The File Drawer Effect
I was so optimistic that this medication was going to help my migraines. My neurologist pointed out that it is not FDA approved for migraine, and there are no good studies showing that it works. But it did a remarkably good job of making those weird auras go away back over the summer, and I had a remarkably long string of headache-free days when I was taking it, so I wanted to give it another try.
Not counting a two-week washout period, as of today I was off the medication for 90 days and then on the medication for 90 days. I keep meticulous records.
My initial enthusiasm was not particularly well-measured because I didn’t have enough data to meet the distribution assumptions for either the chi-squared test (one cell had a value of 2) or Fisher’s exact test (didn’t have fixed margins). I found Barnard’s Unconditional test, which seemed to apply.
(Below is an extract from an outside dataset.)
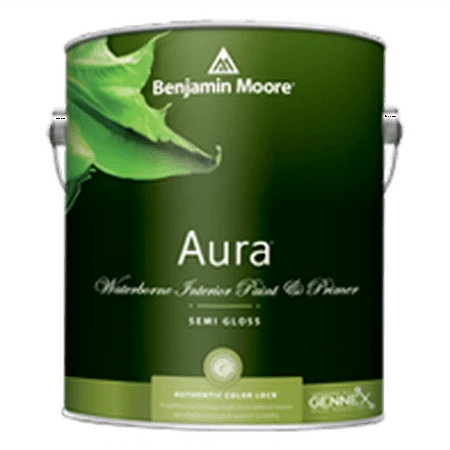 Aura Interior Paint - Semi-gloss Finish, Model 528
Qualitatively, I really feel like I’m doing better. Looking at my data, I have much longer runs of headache-free days. When I do have headaches, they don’t seem quite so intense.
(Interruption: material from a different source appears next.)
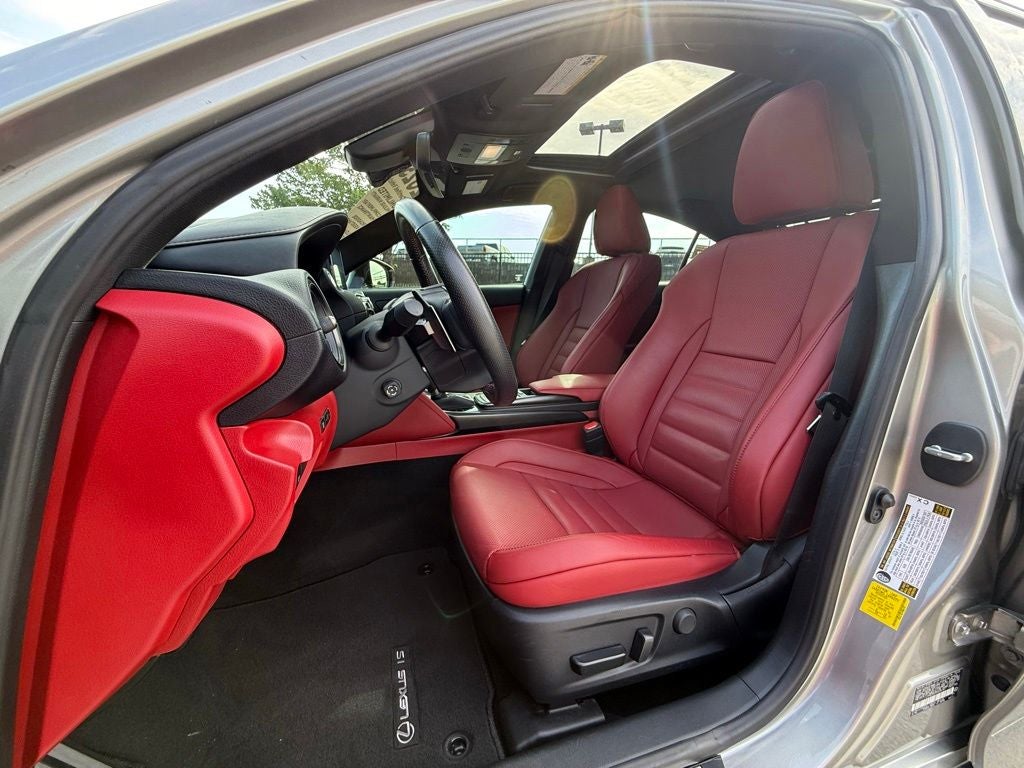 2023 Lexus IS 350 F SPORT Navigation Mark Levinson L/Certified Unlimited Mil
> chisq.test(matrix(c(control_headache, treatment_headache, control_no_headache, treatment_no_headache), nrow=2))
Pearson's Chi-squared test with Yates'
continuity correction
data: matrix(c(control_headache, treatment_headache, control_no_headache, treatment_no_headache), nrow = 2)
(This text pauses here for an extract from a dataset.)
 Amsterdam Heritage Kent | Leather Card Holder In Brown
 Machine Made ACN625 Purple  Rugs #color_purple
X-squared = 3.2011, df = 1, p-value = 0.07359
> fisher.test(matrix(c(control_headache, treatment_headache, control_no_headache, treatment_no_headache), nrow=2))
Fisher's Exact Test for Count Data
data:
p-value = 0.07308
alternative hypothesis: true odds ratio is not equal to 1
95 percent confidence interval:
0.9472181 3.8570642
sample estimates:
odds ratio
1.89544
> barnard.test(control_headache, treatment_headache, control_no_headache, treatment_no_headache)
Barnard's Unconditional Test
Treatment I Treatment II
Outcome I 33 21
Outcome II 57 69
Null hypothesis: Treatments have no effect on the outcomes
Score statistic = -1.9518
Nuisance parameter = 0.4 (One sided), 0.4 (Two sided)
P-value = 0.0274702 (One sided), 0.0549405 (Two sided)
Maybe there is a bug in my code? Maybe I shouldn’t be considering headache days as count data because that overlooks the fact that this is really a time series? Does Barnard’s Unconditional Test have more power than these other tests? If I used Barnard’s test when setting up this ridiculous study, can I cherry-pick its favorable result that I get now? What is the underlying distribution here? Maybe a higher dose would work better? How many of the physicists who can’t find academic jobs and who are currently working as “data scientists” know more about statistics than I do?